Required action: Word for word, transcribe the data below from the line with "West Nile Virus Mosquitoes" to the line with "DIABLO Antibody in Western Blot (WB)", keeping both of those lines.

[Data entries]

□ □ □

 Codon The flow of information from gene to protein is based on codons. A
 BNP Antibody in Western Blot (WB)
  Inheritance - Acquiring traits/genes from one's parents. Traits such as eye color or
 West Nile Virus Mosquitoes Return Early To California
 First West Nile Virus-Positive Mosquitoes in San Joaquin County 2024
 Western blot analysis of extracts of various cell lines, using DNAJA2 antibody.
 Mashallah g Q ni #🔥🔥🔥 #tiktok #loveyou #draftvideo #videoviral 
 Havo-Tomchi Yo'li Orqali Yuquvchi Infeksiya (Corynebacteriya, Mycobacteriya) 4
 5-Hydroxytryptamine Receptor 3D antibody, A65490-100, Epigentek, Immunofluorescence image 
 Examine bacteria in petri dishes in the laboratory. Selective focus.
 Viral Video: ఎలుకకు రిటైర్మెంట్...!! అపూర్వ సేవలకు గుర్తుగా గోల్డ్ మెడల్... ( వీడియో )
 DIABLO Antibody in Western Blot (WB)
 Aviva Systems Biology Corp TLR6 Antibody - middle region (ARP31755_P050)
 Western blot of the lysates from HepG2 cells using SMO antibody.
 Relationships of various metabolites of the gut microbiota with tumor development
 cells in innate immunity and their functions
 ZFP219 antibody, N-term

□ □ □

Reply to the task:
 West Nile Virus Mosquitoes Return Early To California
 First West Nile Virus-Positive Mosquitoes in San Joaquin County 2024
 Western blot analysis of extracts of various cell lines, using DNAJA2 antibody.
 Mashallah g Q ni #🔥🔥🔥 #tiktok #loveyou #draftvideo #videoviral 
 Havo-Tomchi Yo'li Orqali Yuquvchi Infeksiya (Corynebacteriya, Mycobacteriya) 4
 5-Hydroxytryptamine Receptor 3D antibody, A65490-100, Epigentek, Immunofluorescence image 
 Examine bacteria in petri dishes in the laboratory. Selective focus.
 Viral Video: ఎలుకకు రిటైర్మెంట్...!! అపూర్వ సేవలకు గుర్తుగా గోల్డ్ మెడల్... ( వీడియో )
 DIABLO Antibody in Western Blot (WB)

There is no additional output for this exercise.